Choosing a Context Provider
| Provider | Use Case | Persistence | Search | Complexity |
|---|---|---|---|---|
| Simple/Custom | Learning, prototyping, simple memory needs | No (in-memory) | No | Low |
| Azure AI Search | RAG, document search, enterprise knowledge bases | Yes | Hybrid + Semantic | Medium |
| Mem0 | Long-term user memory, preferences, personalization | Yes (cloud/self-hosted) | Semantic | Low-Medium |
| Redis | Fast retrieval, session memory, full-text + vector search | Yes | Full-text + Hybrid | Medium |
Common Patterns
1. User Preference Memory
Store and retrieve user preferences, settings, or personal information across sessions.
- Examples:
simple_context_provider.py,mem0/mem0_basic.py,redis/redis_basics.py
2. Document Retrieval (RAG)
Retrieve relevant documents or knowledge base articles to answer questions.
- Examples:
azure_ai_search/azure_ai_with_search_context_*.py
3. Conversation History
Maintain conversation context across multiple turns and sessions.
- Examples:
redis/redis_conversation.py,mem0/mem0_threads.py
4. Thread Scoping
Isolate memory per conversation thread or share globally across threads.
- Examples:
mem0/mem0_threads.py,redis/redis_threads.py
5. Multi-Agent Memory
Different agents with isolated or shared memory configurations.
- Examples:
mem0/mem0_threads.py,redis/redis_threads.py
Building Custom Context Providers
To create a custom context provider, implement the ContextProvider protocol:
from agent_framework import ContextProvider, Context, ChatMessage
from collections.abc import MutableSequence, Sequence
from typing import Any
class MyContextProvider(ContextProvider):
async def invoking(
self,
messages: ChatMessage | MutableSequence[ChatMessage],
**kwargs: Any
) -> Context:
"""Provide context before the agent processes the request."""
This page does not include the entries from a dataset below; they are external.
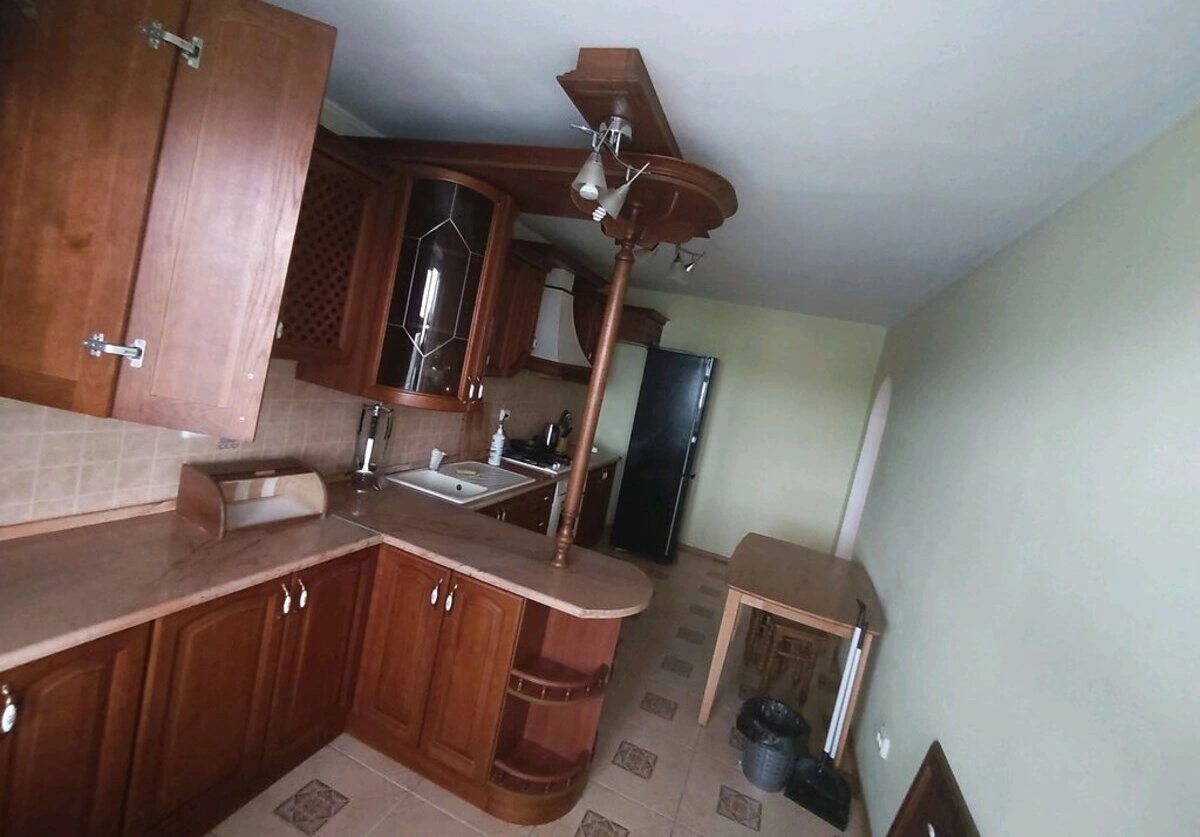 Apartments for sale. 3 rooms, 97 m², 5th floor/8 floors. Tykha vul., Ternopil. 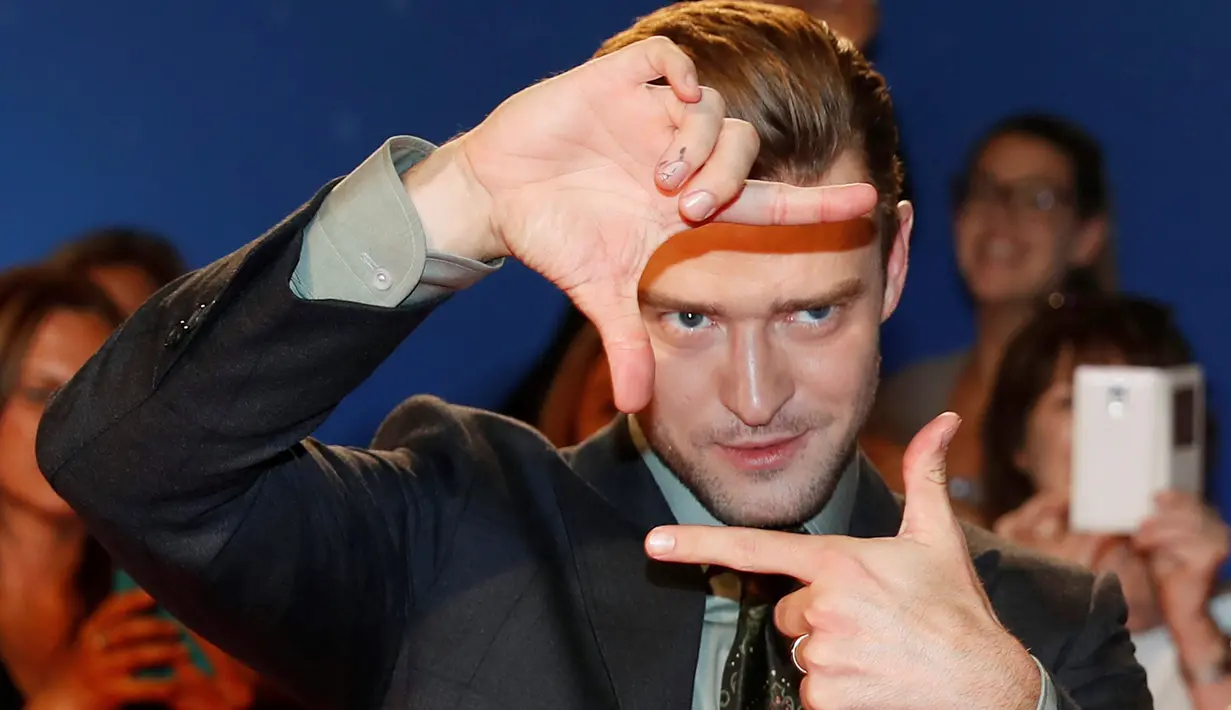 Penyanyi Justin Timberlake berpose setibanya di karpet merah film "Justin Timberlake and the Tennessee Kids" pada Toronto International Film Festival (TIFF) ke-41, di Toronto, Kanada, Selasa (13/9). (REUTERS/Mark Blinch)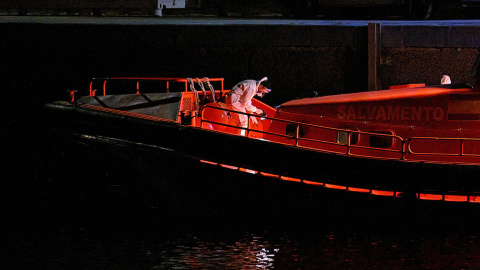 Una persona de Salvamento marítimo en una lancha en el Puerto de Gran Tarajal, a 2 de febrero de 2022, en Fuerteventura.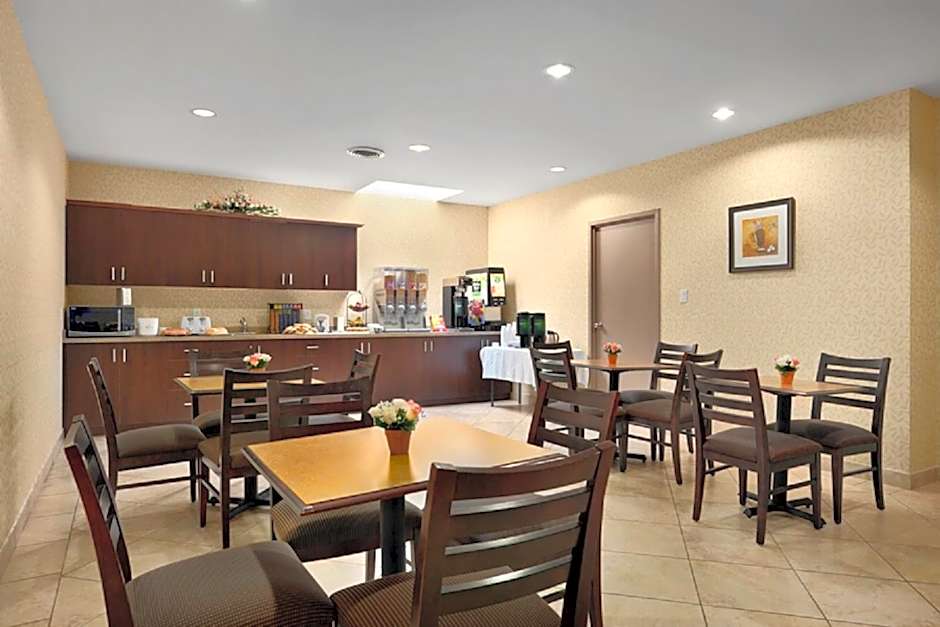 Days Inn by Wyndham Brampton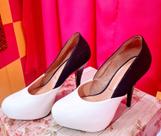 Sapato Scarpin Verniz Preto e Branco Feminina Sapato Scarpin Verniz Preto e Branco Feminina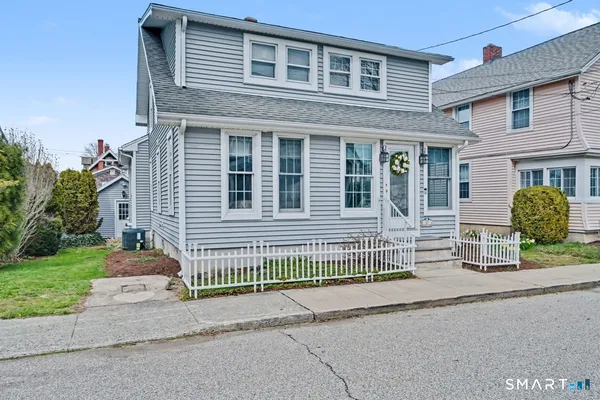 $705,000 | 10 Spencer Avenue, East Lyme, CT 06357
# Return additional instructions, messages, or context
return Context(instructions="Additional instructions here")
async def invoked(
self,
request_messages: ChatMessage | Sequence[ChatMessage],
response_messages: ChatMessage | Sequence[ChatMessage] | None = None,
invoke_exception: Exception | None = None,
**kwargs: Any,
) -> None:
"""Process the response after the agent generates it."""
# Store information, update memory, etc.
pass
def serialize(self) -> str:
"""Serialize the provider state for persistence."""
return "{}"
See simple_context_provider.py for a complete example.